Background: Hematoma expansion is an important therapeutic target in intracerebral hemorrhage. Recently proposed hematoma expansion definitions have not been validated, and no previous definition has accounted for withdrawal of care.
Aims: To externally validate revised definitions of hematoma expansion that incorporate intraventricular hemorrhage, and to test their validity in the context of withdrawal of care.

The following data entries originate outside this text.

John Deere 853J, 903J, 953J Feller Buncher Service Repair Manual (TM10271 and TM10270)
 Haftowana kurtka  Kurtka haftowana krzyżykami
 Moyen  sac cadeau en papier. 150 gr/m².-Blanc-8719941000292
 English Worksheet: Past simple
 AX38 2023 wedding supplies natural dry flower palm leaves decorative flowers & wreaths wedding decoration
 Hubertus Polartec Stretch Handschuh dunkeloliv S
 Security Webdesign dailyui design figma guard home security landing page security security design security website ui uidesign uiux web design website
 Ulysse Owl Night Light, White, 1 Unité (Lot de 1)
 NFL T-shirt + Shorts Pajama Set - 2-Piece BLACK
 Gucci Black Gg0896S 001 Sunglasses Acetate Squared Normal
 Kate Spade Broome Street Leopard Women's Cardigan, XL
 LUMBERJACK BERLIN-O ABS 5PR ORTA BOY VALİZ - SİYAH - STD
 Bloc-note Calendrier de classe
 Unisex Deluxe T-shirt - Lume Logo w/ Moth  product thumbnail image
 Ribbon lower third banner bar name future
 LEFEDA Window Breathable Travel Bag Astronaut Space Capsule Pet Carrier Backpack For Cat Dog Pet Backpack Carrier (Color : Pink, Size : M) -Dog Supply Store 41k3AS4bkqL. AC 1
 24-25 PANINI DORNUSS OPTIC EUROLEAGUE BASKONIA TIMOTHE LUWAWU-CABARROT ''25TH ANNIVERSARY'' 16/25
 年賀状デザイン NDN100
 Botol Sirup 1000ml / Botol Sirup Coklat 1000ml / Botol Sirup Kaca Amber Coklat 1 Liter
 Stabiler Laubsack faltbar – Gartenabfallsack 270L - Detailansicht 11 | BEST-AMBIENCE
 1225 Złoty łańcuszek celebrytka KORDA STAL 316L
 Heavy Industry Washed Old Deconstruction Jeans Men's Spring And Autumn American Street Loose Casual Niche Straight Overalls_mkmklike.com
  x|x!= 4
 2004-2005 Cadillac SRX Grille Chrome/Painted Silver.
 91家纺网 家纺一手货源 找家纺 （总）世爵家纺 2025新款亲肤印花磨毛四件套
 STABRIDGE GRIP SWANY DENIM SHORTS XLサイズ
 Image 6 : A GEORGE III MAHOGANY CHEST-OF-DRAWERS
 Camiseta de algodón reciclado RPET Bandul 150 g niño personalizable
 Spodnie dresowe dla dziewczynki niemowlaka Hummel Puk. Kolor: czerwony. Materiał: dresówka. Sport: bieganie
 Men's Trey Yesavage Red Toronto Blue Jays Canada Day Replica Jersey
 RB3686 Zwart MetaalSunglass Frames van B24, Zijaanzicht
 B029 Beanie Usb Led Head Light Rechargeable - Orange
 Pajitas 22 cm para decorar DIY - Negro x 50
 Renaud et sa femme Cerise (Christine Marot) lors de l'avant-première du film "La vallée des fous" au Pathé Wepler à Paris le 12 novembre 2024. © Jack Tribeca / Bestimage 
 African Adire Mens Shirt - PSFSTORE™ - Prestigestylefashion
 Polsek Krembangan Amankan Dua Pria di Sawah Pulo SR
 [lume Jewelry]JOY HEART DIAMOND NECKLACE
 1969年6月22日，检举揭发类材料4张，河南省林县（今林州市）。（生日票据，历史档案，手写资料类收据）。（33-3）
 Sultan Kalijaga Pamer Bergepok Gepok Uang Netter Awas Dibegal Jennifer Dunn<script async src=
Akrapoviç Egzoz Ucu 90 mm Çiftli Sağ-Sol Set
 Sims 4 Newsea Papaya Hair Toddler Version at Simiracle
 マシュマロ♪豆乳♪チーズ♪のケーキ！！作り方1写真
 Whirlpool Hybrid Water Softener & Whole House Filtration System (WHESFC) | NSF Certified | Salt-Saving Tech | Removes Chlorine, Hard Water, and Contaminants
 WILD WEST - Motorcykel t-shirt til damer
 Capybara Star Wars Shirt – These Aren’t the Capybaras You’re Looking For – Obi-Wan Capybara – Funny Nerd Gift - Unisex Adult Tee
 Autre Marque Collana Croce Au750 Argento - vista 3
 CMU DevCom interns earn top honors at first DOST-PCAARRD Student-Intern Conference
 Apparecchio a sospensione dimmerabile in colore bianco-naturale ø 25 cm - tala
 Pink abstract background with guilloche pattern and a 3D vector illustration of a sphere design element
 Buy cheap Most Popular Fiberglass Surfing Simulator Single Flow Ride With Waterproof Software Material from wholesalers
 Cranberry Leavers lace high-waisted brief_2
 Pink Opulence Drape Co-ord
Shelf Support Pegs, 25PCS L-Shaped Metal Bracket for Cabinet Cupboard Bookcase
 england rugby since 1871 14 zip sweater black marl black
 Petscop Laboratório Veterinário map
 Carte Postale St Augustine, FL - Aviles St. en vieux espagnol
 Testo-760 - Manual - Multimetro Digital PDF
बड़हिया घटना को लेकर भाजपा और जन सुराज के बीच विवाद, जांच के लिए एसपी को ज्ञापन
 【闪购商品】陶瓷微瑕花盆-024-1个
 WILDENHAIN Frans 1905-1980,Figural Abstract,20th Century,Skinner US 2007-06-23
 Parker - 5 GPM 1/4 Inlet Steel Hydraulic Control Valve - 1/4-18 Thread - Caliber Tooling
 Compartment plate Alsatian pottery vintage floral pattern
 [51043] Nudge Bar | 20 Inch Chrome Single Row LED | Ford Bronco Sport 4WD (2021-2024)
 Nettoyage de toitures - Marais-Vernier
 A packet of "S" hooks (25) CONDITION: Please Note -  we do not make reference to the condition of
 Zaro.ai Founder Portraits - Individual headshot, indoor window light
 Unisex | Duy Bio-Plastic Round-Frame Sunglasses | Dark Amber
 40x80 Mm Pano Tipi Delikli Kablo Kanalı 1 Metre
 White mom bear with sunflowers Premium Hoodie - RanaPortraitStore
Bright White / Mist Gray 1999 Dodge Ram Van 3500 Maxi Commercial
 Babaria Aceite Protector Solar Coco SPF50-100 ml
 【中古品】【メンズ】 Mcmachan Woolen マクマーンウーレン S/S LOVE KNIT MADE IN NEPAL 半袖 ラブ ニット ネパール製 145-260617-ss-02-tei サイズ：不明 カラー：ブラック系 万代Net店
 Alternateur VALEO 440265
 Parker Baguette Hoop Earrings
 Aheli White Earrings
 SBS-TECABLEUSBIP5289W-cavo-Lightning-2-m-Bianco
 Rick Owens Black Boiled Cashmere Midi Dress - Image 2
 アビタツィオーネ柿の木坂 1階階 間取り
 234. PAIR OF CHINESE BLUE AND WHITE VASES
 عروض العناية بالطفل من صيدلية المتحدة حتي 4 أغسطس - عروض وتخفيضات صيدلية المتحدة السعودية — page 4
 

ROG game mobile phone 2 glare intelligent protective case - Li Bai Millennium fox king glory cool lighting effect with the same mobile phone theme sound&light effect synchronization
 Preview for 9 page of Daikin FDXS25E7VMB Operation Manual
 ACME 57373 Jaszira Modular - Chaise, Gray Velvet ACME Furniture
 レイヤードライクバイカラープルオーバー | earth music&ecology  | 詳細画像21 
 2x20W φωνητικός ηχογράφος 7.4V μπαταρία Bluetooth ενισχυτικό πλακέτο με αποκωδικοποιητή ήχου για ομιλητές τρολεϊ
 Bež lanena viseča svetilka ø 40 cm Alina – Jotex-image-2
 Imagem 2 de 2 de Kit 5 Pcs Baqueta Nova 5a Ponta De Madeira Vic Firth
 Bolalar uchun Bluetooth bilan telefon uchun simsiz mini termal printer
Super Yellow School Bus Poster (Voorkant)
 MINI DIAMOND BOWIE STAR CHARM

Methods: We analyzed data from the Antihypertensive Treatment of Acute Cerebral Hemorrhage II trial, comparing revised definitions of hematoma expansion incorporating intraventricular hemorrhage expansion to the conventional definition of "≥6 mL or ≥33%." Primary outcome was modified Rankin Scale of 4-6 at 90 days. We calculated the incidence, sensitivity, specificity, positive and negative predictive values, and c-statistic for all definitions of hematoma expansion. Definitions were compared using nonparametric methods. Secondary analyses were performed after removing patients with withdrawal of care.
Results: Primary analysis included 948 patients. Using the conventional definition, the sensitivity was 37.1% and specificity was 83.2% for the primary outcome. Sensitivity improved with all three revised definitions (53.3%, 48.7%, and 45.3%, respectively), with minimal change to specificity (78.4%, 80.5%, and 81.0%, respectively). The greatest improvement was seen with the definition "≥6 mL or ≥33% or any intraventricular hemorrhage," with increased c-statistic from 60.2% to 65.9% (p < 0.001). Secondary analysis excluded 46 participants who experienced withdrawal of care. The revised definitions similarly outperformed the conventional definition in this population, with the greatest improvement in c-statistic using "≥6 mL or ≥33% or any intraventricular hemorrhage" (58.1% vs. 64.1%, p < 0.001).
Conclusions: Revised hematoma expansion definitions incorporating intraventricular hemorrhage expansion outperformed conventional definitions for predicting poor outcome, even after accounting for care limitations.
Keywords: Acute; CT scan; blood pressure; brain bleed; cerebral hemorrhage; hemorrhage; intracerebral hemorrhage; stroke.